The management of advanced cutaneous melanoma in these patients also merits discussion. Although the development of AIR is a relative contraindication to further continuation of immunotherapy, the decision to discontinue immunotherapy represents a therapeutic dilemma that must be balanced against prevention of systemic melanoma progression or recurrence. Only case 1 had a durable systemic response to immunotherapy even after its discontinuation, but she ultimately succumbed to complications associated with mononeuritis multiplex, an irAE. The remaining two cases had recurrence or progression of metastatic cutaneous melanoma following discontinuation of immunotherapy. Case 2 had recurrence at a single portacaval lymph node that was resected but otherwise remained melanoma-free. Case 3 had progression of systemic metastasis that required single-agent immunotherapy with no apparent recurrence of his AIR. Similarly, in 5 out of 14 published cases in which the systemic outcome was reported, 3 cases had progression of their underlying melanoma.

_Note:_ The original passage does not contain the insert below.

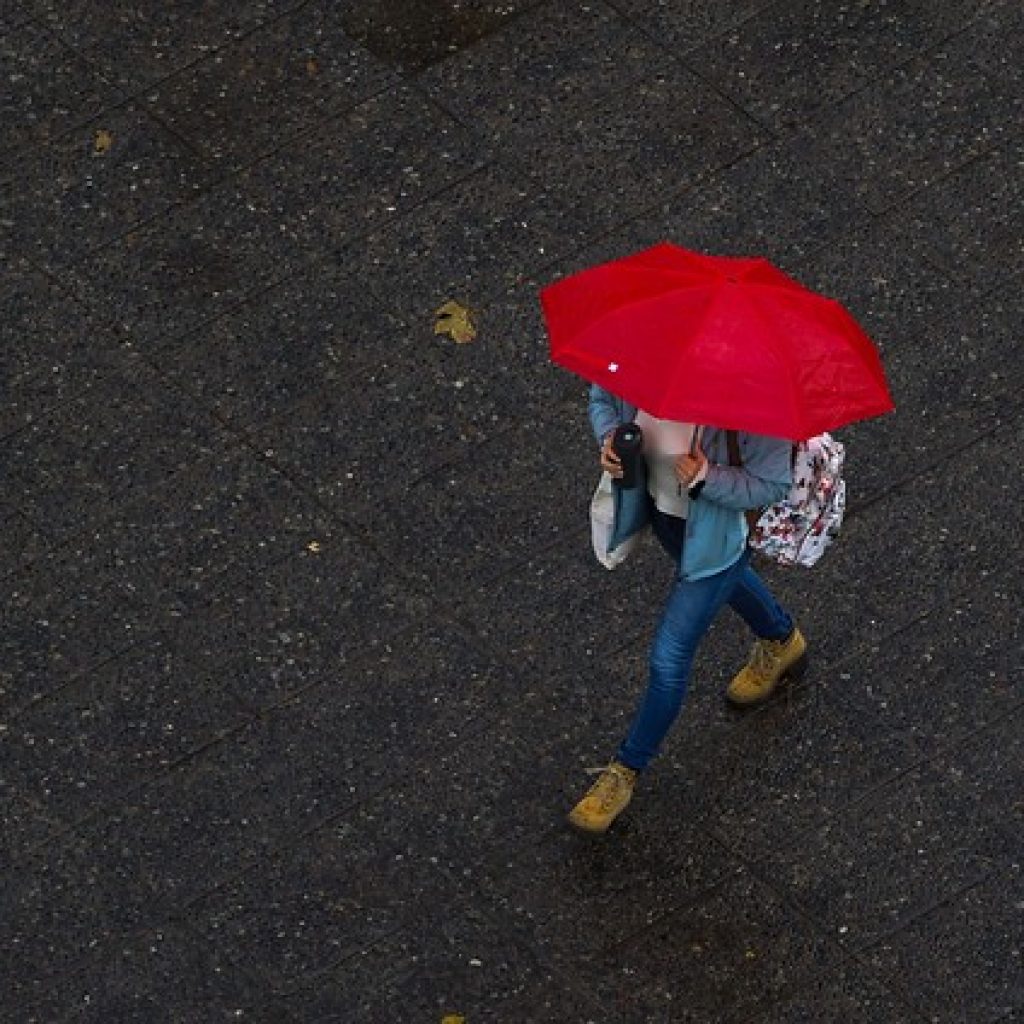 Declaran Alerta Temprana Preventiva en 10 comunas por tormentas eléctricas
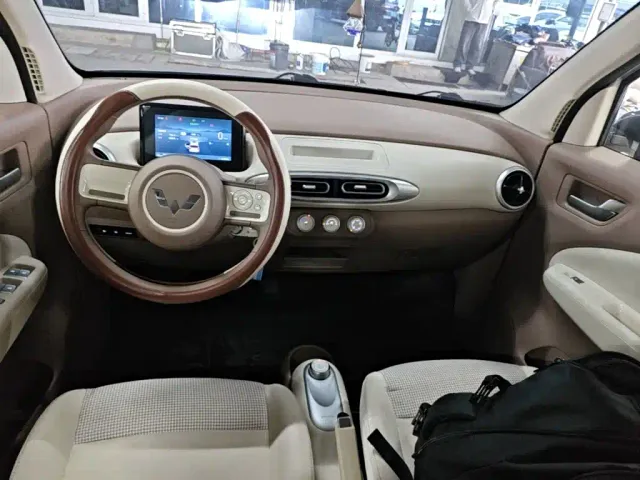 Wuling Hongguang Mini EV — Фото автомобиля 9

One of the limitations of this case series is the relatively small number of patients due to the rarity of the condition. However, some of our findings were mirrored in our systematic review of published cases. Furthermore, because patients do not routinely undergo serological testing for anti-retinal antibodies and/or evaluation by an ophthalmologist before starting immunotherapy, it cannot be established if these patients have pre-existing AIR that were exacerbated by immunotherapy or new-onset AIR induced by immunotherapy. It is possible that anti-retinal antibodies were present prior to initiation of immunotherapy but the retinopathy only became clinically evident after immunotherapy in these patients.
The limitations of our systematic review include the relatively small number of published cases and their heterogeneity, which limit the scope for an extensive meta-analysis. Furthermore, there is notable variability in clinical practice across the published cases such as the route of administration of corticosteroids. There is also variability in the reporting of variables and outcomes in these cases. For example, variables such as the presence or absence of systemic irAEs as well as systemic melanoma status on follow-up were frequently omitted.
A larger study could evaluate the role of screening patients for baseline anti-retinal antibodies prior to initiation of immunotherapy. Prospective screening of patients may better elucidate the natural history and the spectrum of AIR precipitated by immunotherapy. As the clinical utilisation of immunotherapy expands, there may be an increasing role for the utilisation of risk factors for irAEs which may impact the management of cutaneous melanoma.